Try it
Only some lines are wanted: please transcribe exactly those from the one containing "Pendant Tumbled Stone" through the end of the data, pictures excluded.

BEGIN Material provided

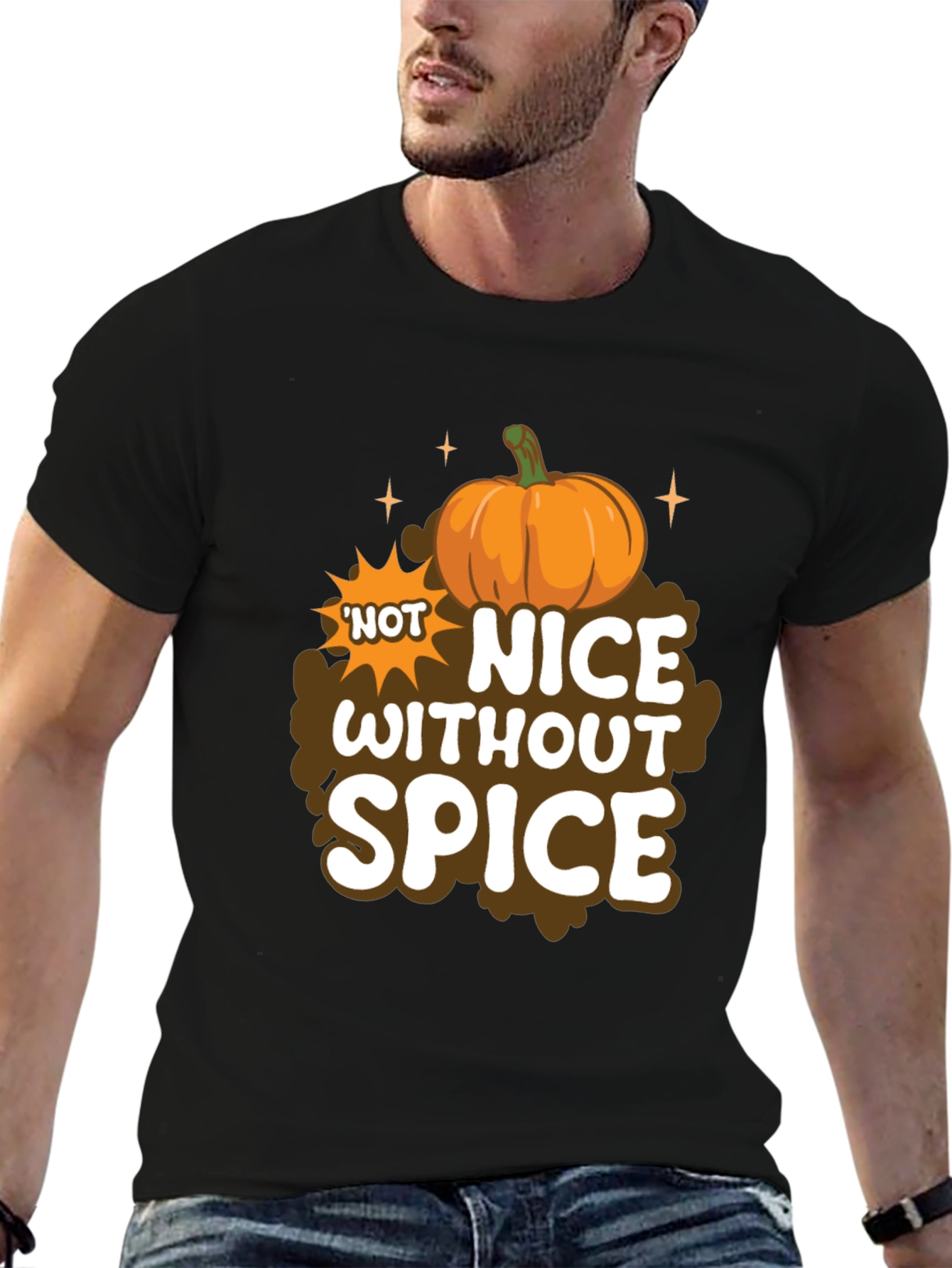 Black Not Nice Without Spice Pumpkin T-Shirt view 6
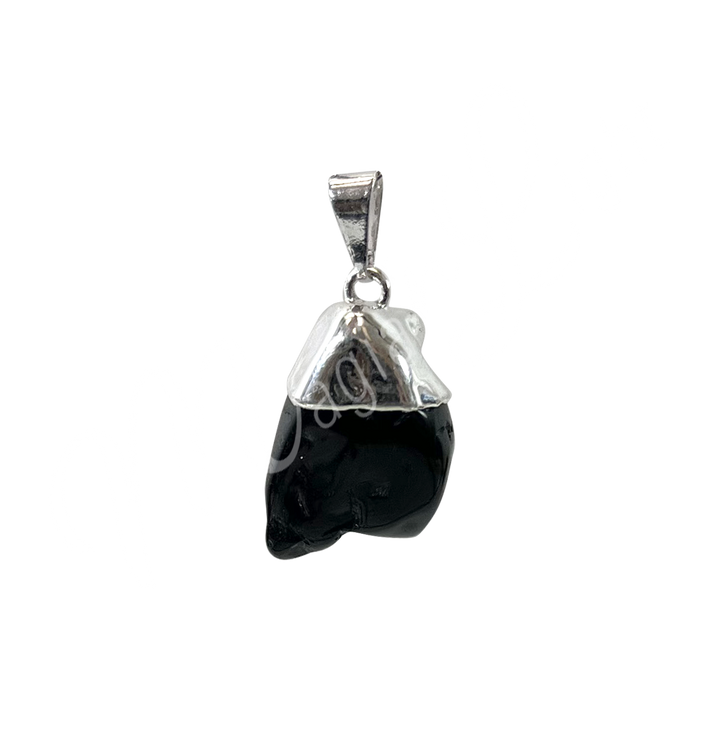 Pendant Tumbled Stone Cap Black Tourmaline 1.25-1.75″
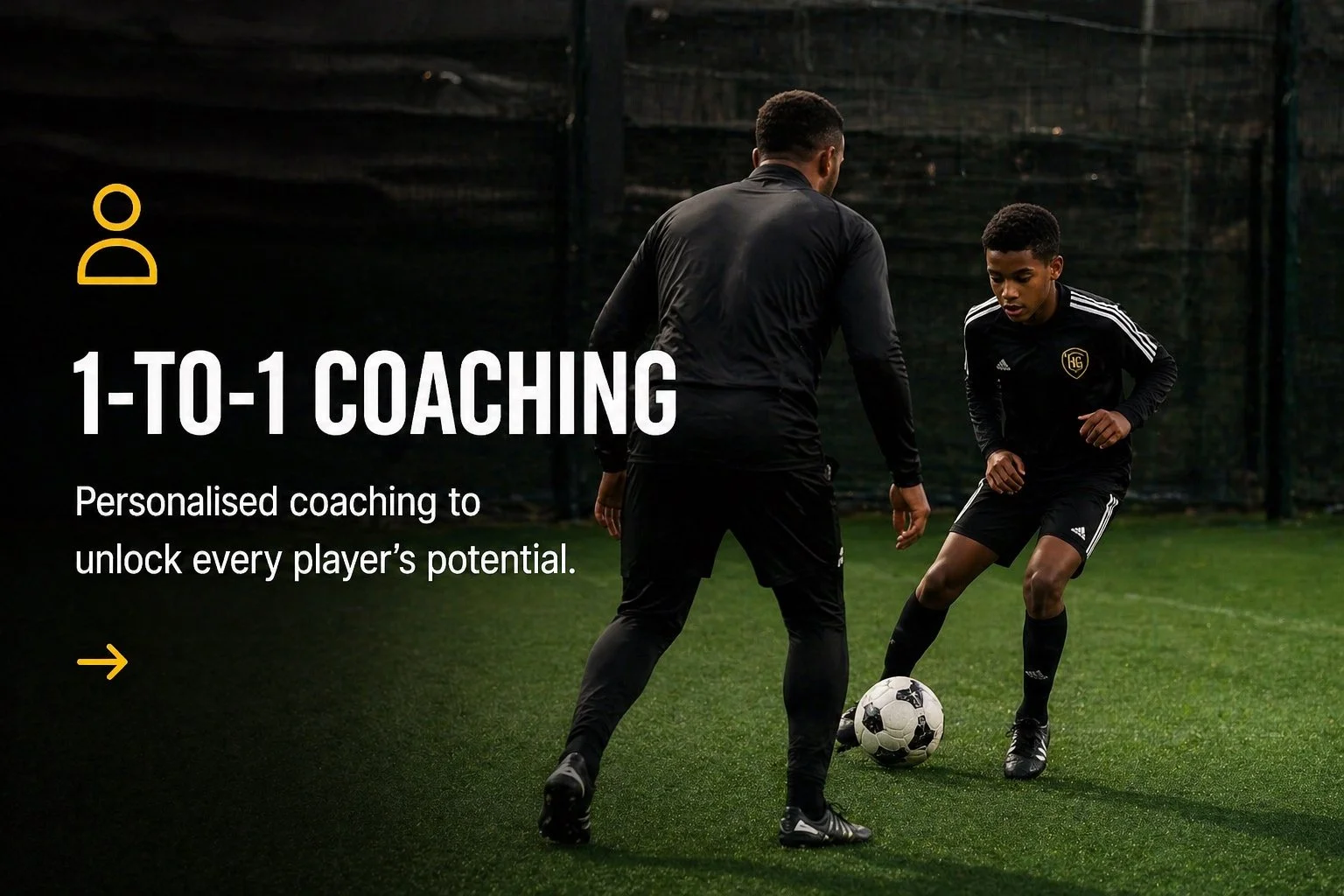 1 to 1 football coaching session in Milton Keynes with coach and player training.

END Material provided

Solution for this exercise
 Pendant Tumbled Stone Cap Black Tourmaline 1.25-1.75″
 1 to 1 football coaching session in Milton Keynes with coach and player training.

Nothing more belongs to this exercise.